Having obtained a trademark registration, you will have certain maintenance filings to keep the registration alive. Again, your trademark counsel should advise you of required deadlines and forms of filings. You, as a trademark owner, then need to use your trademark consistently and appropriately, and you have an affirmative obligation to police the marketplace to prevent infringements. Failure to pursue infringers could result in a loss of your rights.

Q. I cleared my company name with my state before incorporating. Why do I have to conduct a full trademark search?
Incorporating with the state does not confer trademark rights. A corporate name is simply the name of your business, but that may not function as a trademark in the marketplace if you have not made use of it in that manner. So it’s important to consult with trademark counsel to understand the different kinds of names your business may want to use. If the name of your business is Acme Art, LLC, that may not function as your trademark if you are marketing art under some other name, for example “Acme Adorable.” It is the word mark that you use to identify your goods and services in the marketplace that functions as a trademark. This may or may not be your company name.

Q. Should I use my personal name as my trademark?

Unless you have a distinct personal name, you will likely have limited rights in your name. John Smith as a trademark does not make too much sense. In addition, if you sell your business, you may be in the strange position of having sold rights to your own name and have certain situations when you cannot use your name. If you are a practicing fine artist with an established career, your name may add huge value to your licensing initiatives. If, however, you are an unknown trying to break into art licensing, it might be better to develop a business name or slogan and start with those.

Most artists are doing a bit of both—fine art and licensing. So then it’s a judgment call. Some artists want to set up a firewall between their fine art and their licensing with different branding and different trademarks. Think, however, of someone like Thomas Kinkade. He associated himself with the phrase “Painter of Light”. Both his name and the phrase are trademarks. That might be a good way to help launch a licensing career.

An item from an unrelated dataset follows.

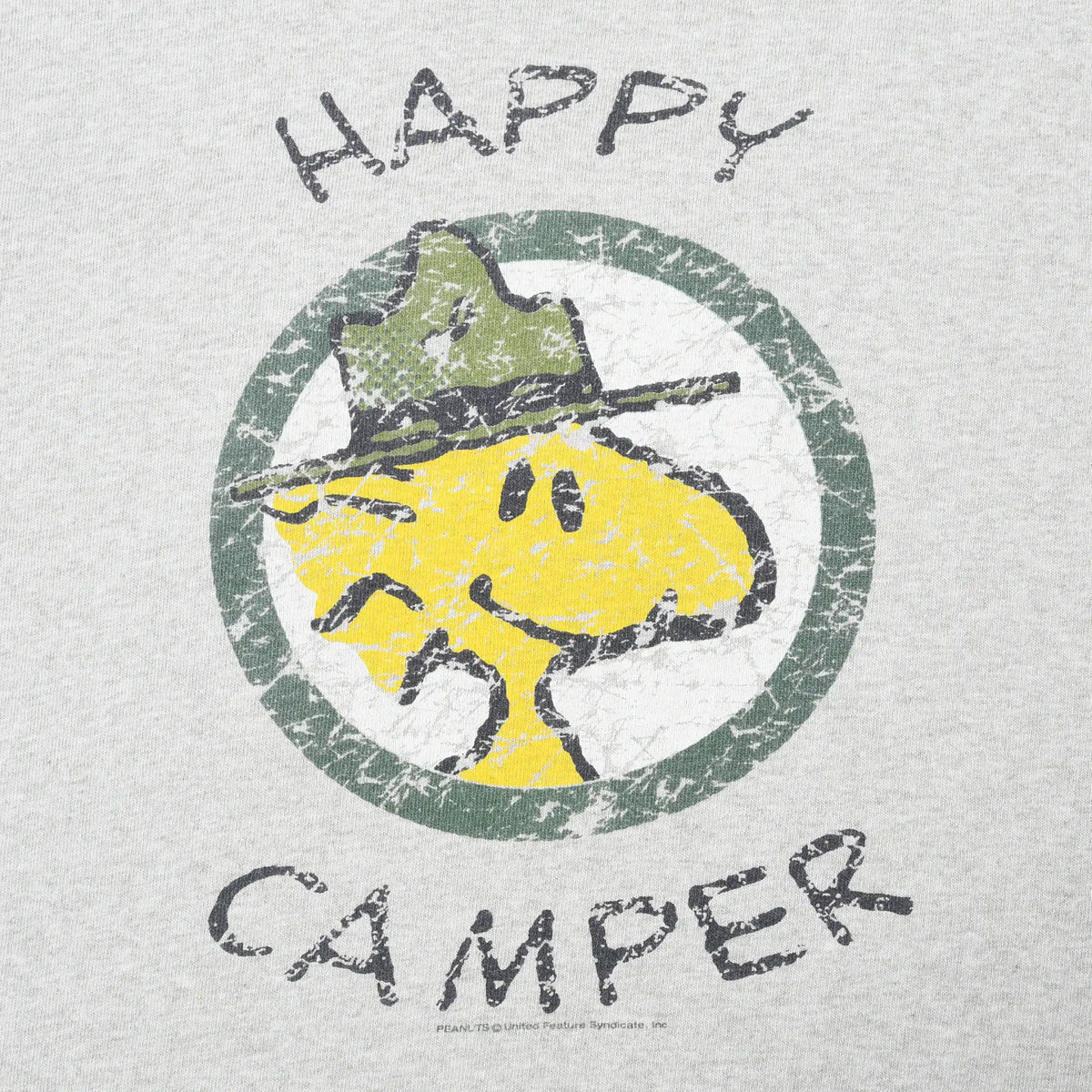 Close-up of distressed Woodstock Happy Camper graphic on gray T-shirt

In this way, your name becomes associated with a phrase that represents your work and expresses who you are.

Q. What is a brand?

A brand is not a legal term; it’s a broad reference to a company’s trademark and other intellectual property together. So when we think of the brand Coca-Cola—we think of bottled carbonated beverages, but we also think of other intellectual property too: their famous trade dress (the distinctive shape of their bottle), the name of the product, and the copyright that may go into some of their art. We also think about the experiences they offer consumers through social media and other marketing efforts. The Coca-Cola brand is really synonymous with a set of values and a world outlook as much as it is with soda.

Artists should think about branding. Your brand is not just your artwork; it’s your whole package. It is what you make, what you stand for, and how you promote your message on social media and the Internet. Is your artwork inspired by or connected with certain charitable causes, political beliefs, or lifestyles? Are you known for producing artwork that reflects, for example, Southern hospitality, a coastal lifestyle, or commentary on technology? Those messages create your brand. A unified brand image will help your artwork sell itself. A brand creates a niche for your artwork, and a licensee in search of that messaging will know to come to you.

 CONCLUSION

Of course, your licensing potential rests fundamentally on the quality and originality of your art. Nonetheless, securing registered copyrights and trademarks increases the value of your licensing endeavors and the strength of your art portfolio. In the next calendar quarter,build a business plan for developing, maintaining,and protecting your trademarks and copyrights. Let me know if that plan helps you to build a more cogent art licensing business.